Hal ini juga berlaku kepada pengemis tunanetra, hanya saja, mereka lebih menonjolkan penampilan yang bukan mereka rencanakan, yaitu menonjolkan sisi kebutaan mereka untuk menarik empati calon dermawannya. Seperti yang diungkapkan Rustami kepada peneliti pada saat wawancara tanggal 7 Juni 2015 di warung milik Niar :

“Pakaian saya dipersiapan istri saya, ya tentu istri saya yang bisa menilai pantas tidaknya saya memakai pakaian ini dan menerima sumbangan, yang penting saya pakai nya nyaman. Lagian orang-orang kasihan dan kasih sumbangan itu kan karena saya buta.”

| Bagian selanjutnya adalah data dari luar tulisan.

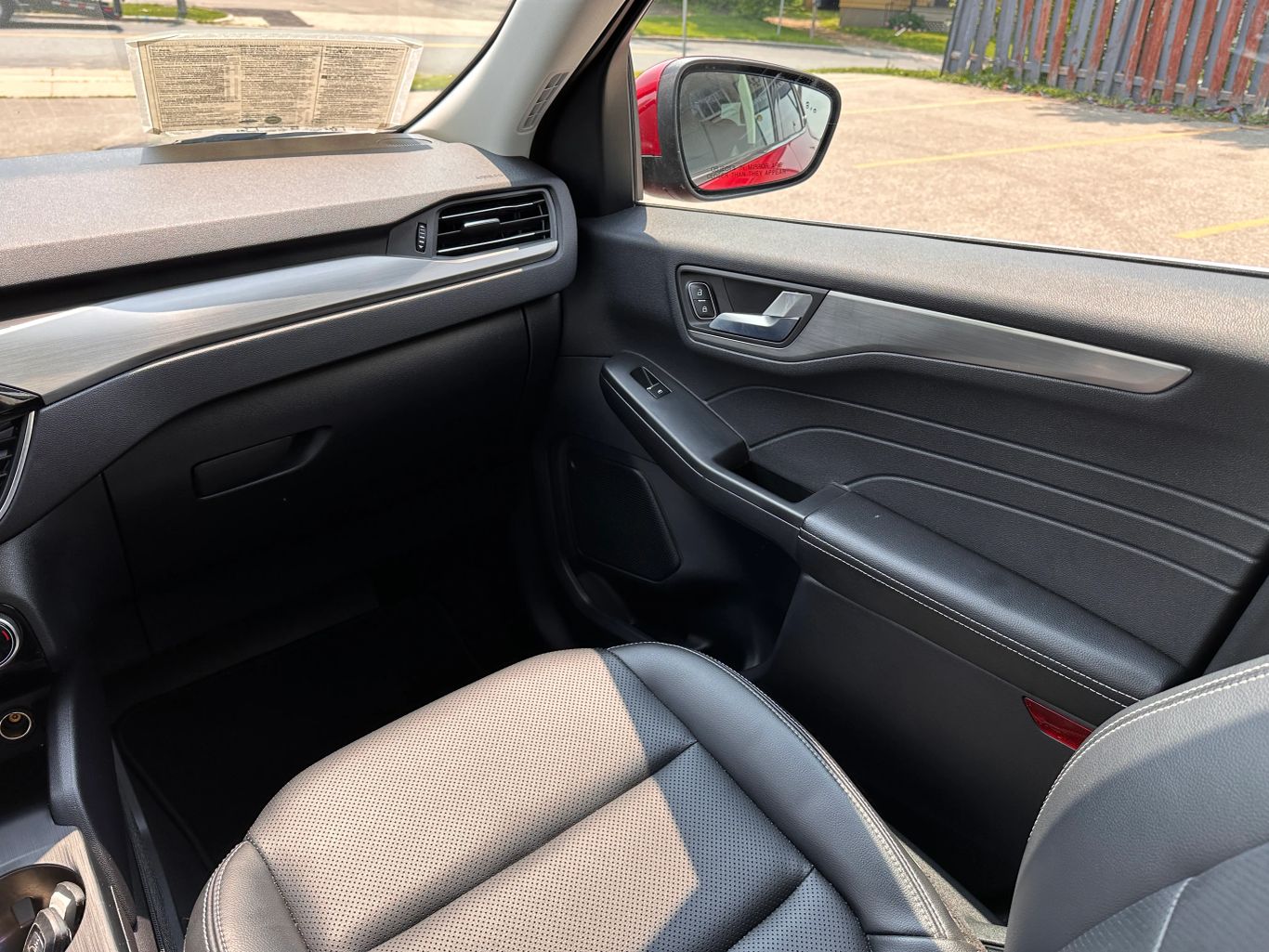 2022 FORD ESCAPE SUV 4-CYL, HYBRID, 2.5 LITER TITANIUM HYBRID SPORT UTILITY 4D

Berdasarkan observasi peneliti, ada perbedaan penampilan yang ditampilkan pengemis yang telah lama mengemis dengan pengemis yang baru mengemis pada peristiwa mengemis dan peristiwa diluar kegiatan mengemis. Adapun pada pengemis yang telah lama mengemis, biasanya menggunakan pakaian yang lebih lusuh dan kucel dibanding pengemis yang baru mengemis. Hal ini dikarenakan, pengemis yang telah mengemis telah terbiasa dengan kondisi seperti ini dan telah menerima pekerjaan mengemis yang telah lama ia tekuni. Sementara, pengemis yang baru mengemis belum terbiasa dengan kondisi ini dan belum menerima sepenuh hati pekerjaan mengemis yang baru ia jalani ini, hal ini jugalah yang menyebabkan pengemis yang baru mengemis terkadang membawa baju ganti yang ia gunakan saat hendak berangkat dari

rumah serta pulang menuju rumahnya. Seperti yang diungkapkan Mur kepada peneliti pada saat wawancara tanggal 7 Juni 2015 di warung harian milik Niar :

“Wak baok baju ganti taruih diak, soalnyo alun banyak nan tau karajo awak taka iko, yo malu saketek jo tetangga pasti adolah. Sampai bilo mode iko yo alun tau lai do, tunggu awak siap jo lah urang-urang tau karajo awak mode iko.”

4.5.3.4 Ekspresi wajah

Ada perbedaan ekspresi wajah yang terjadi ketika mendekati calon dermawan dengan ekspresi wajah setelah diberi maupun tidak diberi uang oleh calon dermawan. Berdasarkan observasi peneliti, saat mendekati calon dermawan, umumnya ekspresi wajah pengemis tidak menunjukkan keceriaan, bahkan terkesan loyo dan sedih saat pertama mendekati calon dermawan. Sementara ekspresi wajah ketika diberi uang oleh calon dermawan, ekspresi wajah pengemis akan tampak ceria dengan senyumnya yang mengembang. Dan terakhir, ekspresi wajah ketika tidak diberi uang oleh calon dermawan, akan lebih sering terlihat datar saja meskipun ada juga yang terlihat seperti raut wajah yang kecewa.